# Penitence



## ThomasK

Would you have an equivalent of the word 'penitence' in your language, maybe 'penitent' (person or characteristic of a person) ? 

Let's say that it refers to (1) the state of sorrow and pity about regrets, and maybe also to (2) the willingness to undergo some punishment (_peni_-) for that, or 'punish' oneself for that. 

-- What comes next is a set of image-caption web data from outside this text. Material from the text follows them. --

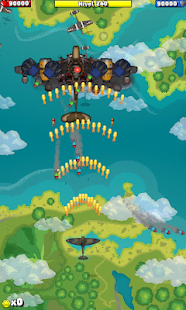 Aircraft Wargame 3 Screenshot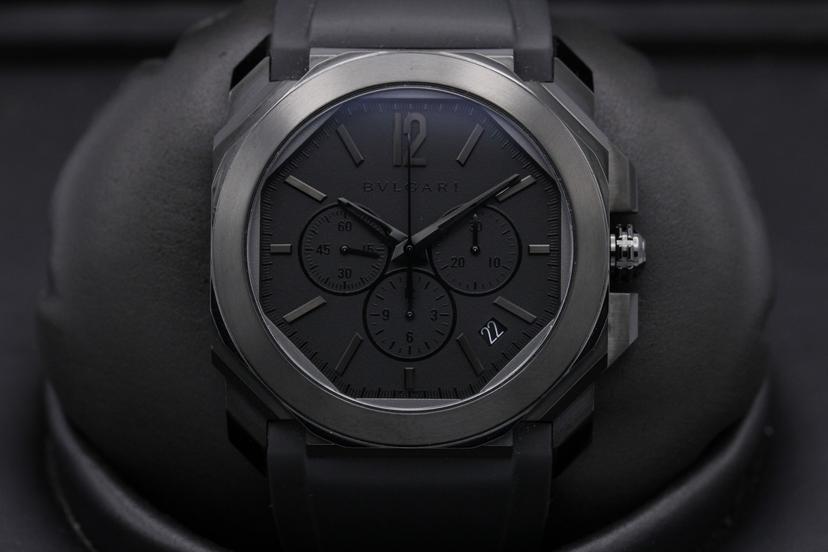 Bvlgari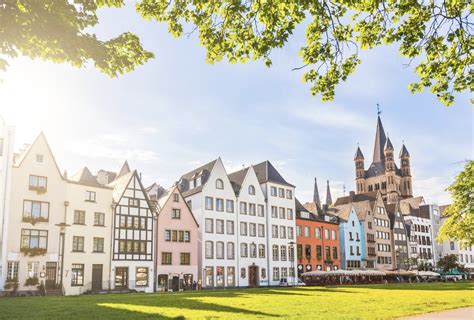 freizeitgestaltung in köln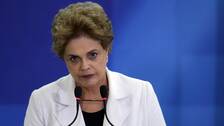 Dilma Rousseff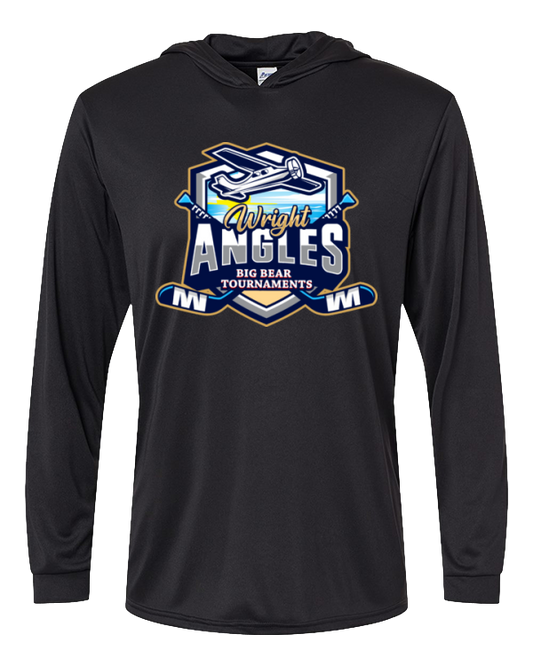 Wright Angles Performance Hoodie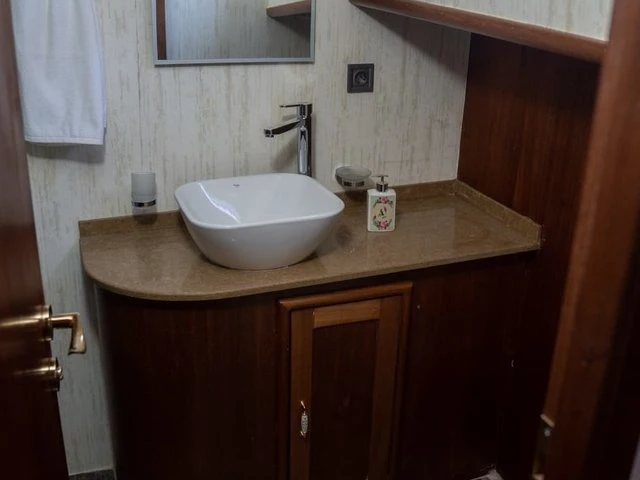 Custom Made Custom made te huur van particulier of professional in Bodrum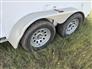 2022 7X14 BARN Utility Trailer
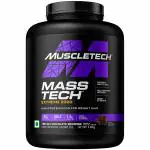 MuscleTech MassTech Extreme 2000 Weight Mass Gainer Triple Chocolate Brownie - 3kg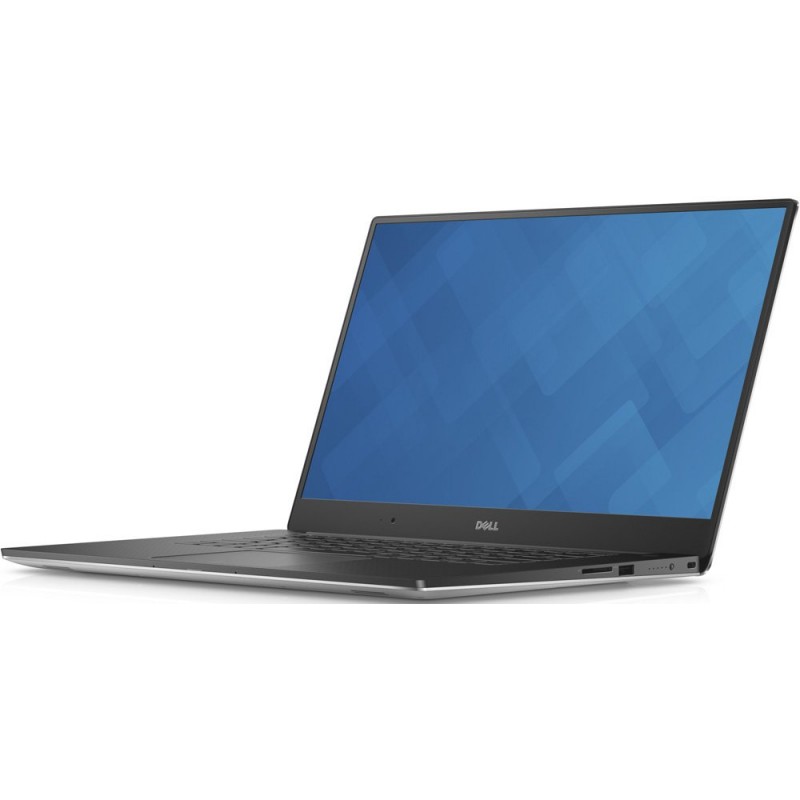 NOTEBOOK DELL INSPIRON XPS 9570 ( USATO ) - DISPLAY 15,6 FULL HD - INTEL I7-8750H - RAM 16GB DDR4 - SSD 512GB  NVME- SVGA NVIDI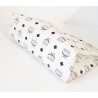 MCM Necessaire weiss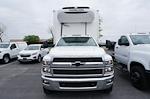 2023 Chevrolet Silverado 6500 Regular Cab DRW RWD, Refrigerated Body for sale #PH666411 - photo 3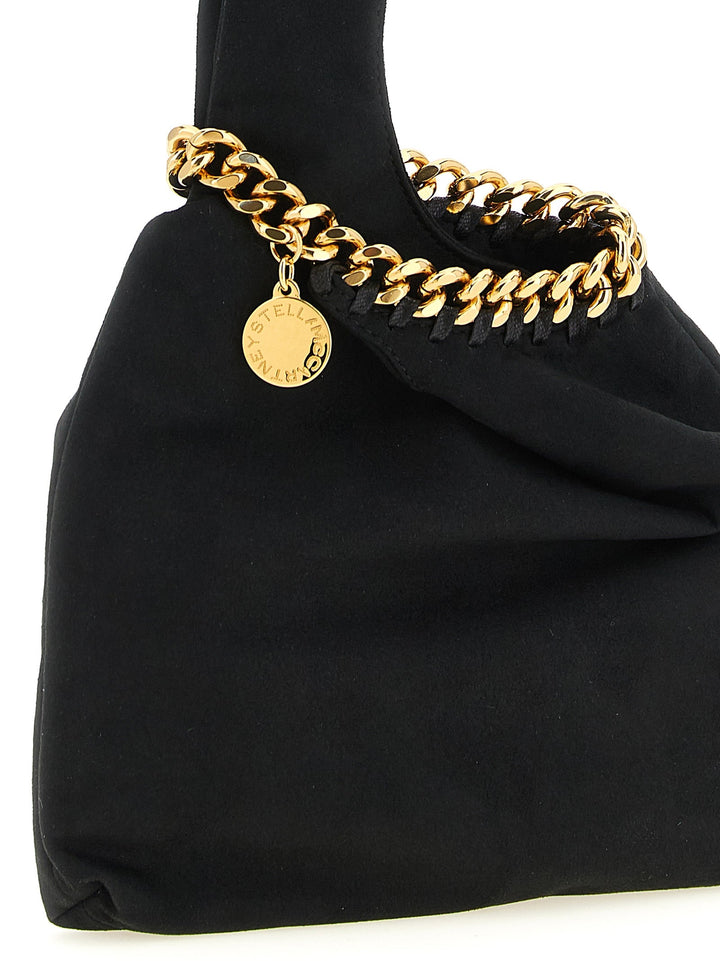Women’s Stella Mccartney Black Polyamide Handbag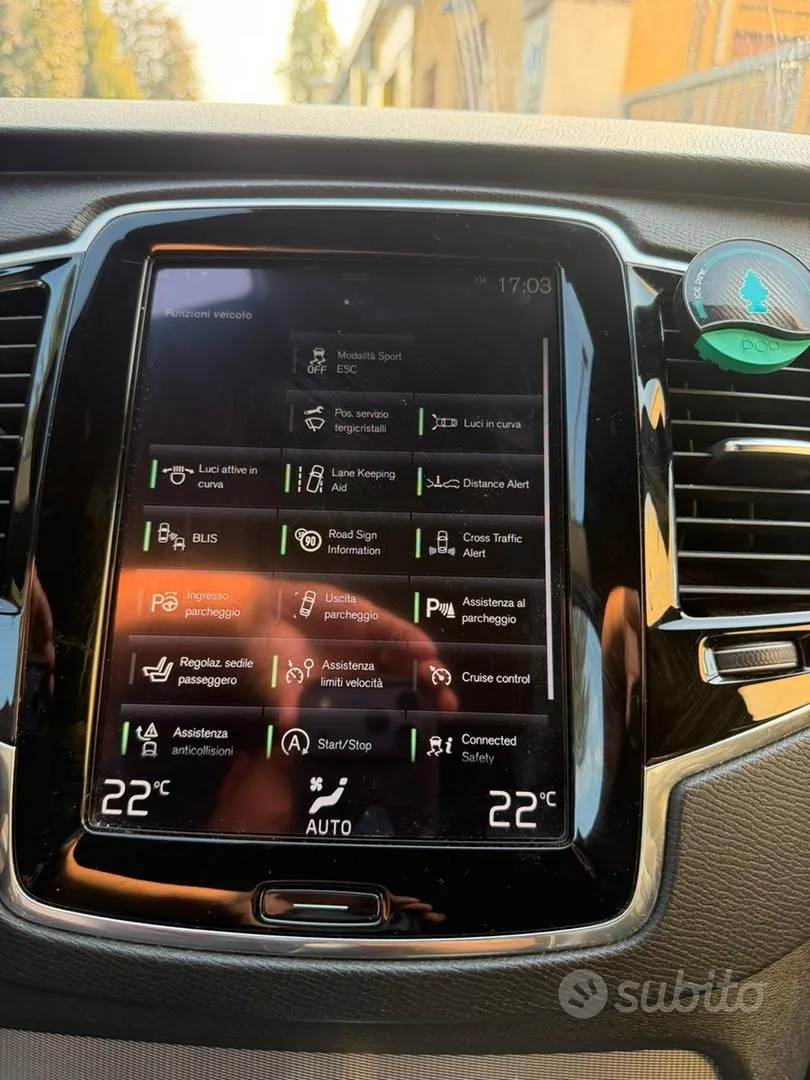 Volvo Xc90 2016 photo 5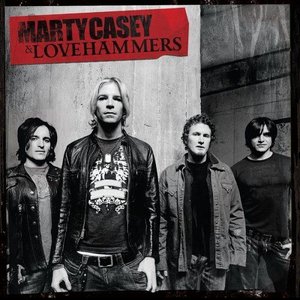 Imagen de 'Marty Casey & Lovehammers'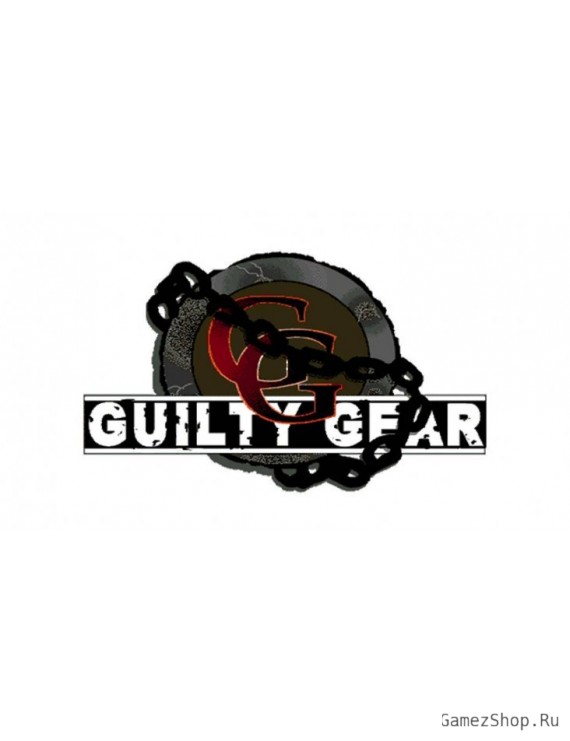 GUILTY GEAR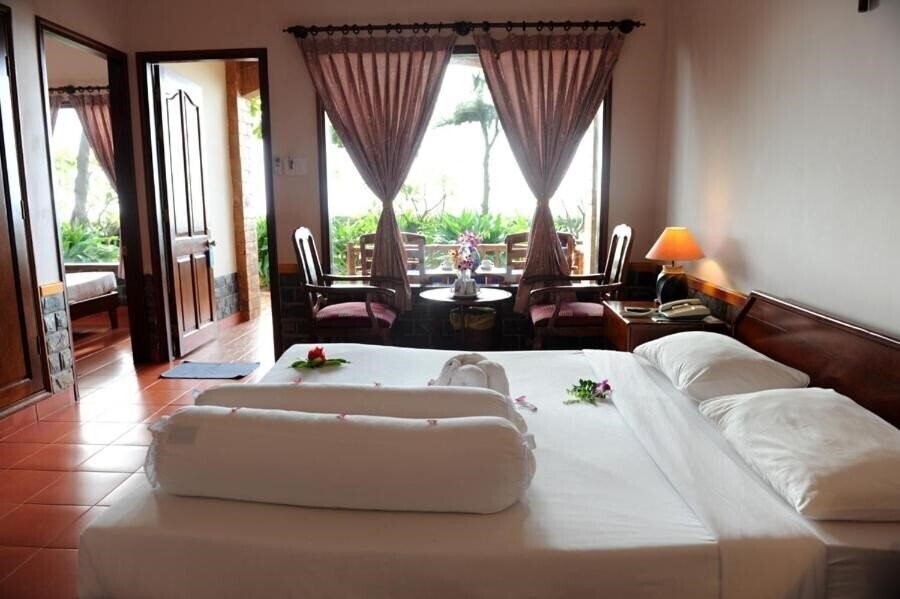 Изображение Vinh Suong Resort 3*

Could you specify the context in which you can or could use it?


----------



## jazyk

In Portuguese:

penitence - penitência
penitent - penitente


----------



## apmoy70

VERY complicated subject concerning its concept in Greek due to the different view of penitence in the Latin West and the Greek East (let's just say that in the West due to its feudalistic past these concepts are more "judicial" while in the East and in the Greek mind, these concepts are more "ontological"); but I'll try to keep it simple:
-Μεταμέλεια, metam*e*lia (_f._); compound word formed by the joining of the ancient preposition μετὰ (me'ta->after, behind, changed, altered)+μέλω ('melō ->to care for, to take an interest in). Metamelia describes the change of purpose which leads to regret.
-Μετάνοια, met*a*nia (_f._); compound word formed by the joining of the ancient preposition μετὰ (me'ta->after, behind, changed, altered)+νοέω/νοῶ (no'eō [uncontracted], no'ō [contracted]->perceive by the nous, apprehend. Metania describes the change of mind, the regret, the repentance.
-Επιτίμιο(ν), epit*i*mion [in ancient/medieval Greek]/epit*i*mio [modern Greek] (_n._); compound word formed by the joining of the ancient preposition ἐπὶ (upon, at, in addition)+τιμάω/τιμῶ (ti'maō [uncontracted], ti'mō [contracted]->to value, to honour, to prize). Perhaps it's the closest one to the western view of _punishment (peni-)_ since epitimion in ancient & medieval Greek described the penalty laid on a person by the judges.


----------



## federicoft

In Italian:
(1) - rimorso, pentimento, contrizione, compunzione 
(2) - penitenza (noun), pentirsi (verb)


----------



## ThomasK

Italian: oh yes, I remember: 'pentiti' (from the maffia, I believe). Would you be able to distinguish between those four, Frederico ? 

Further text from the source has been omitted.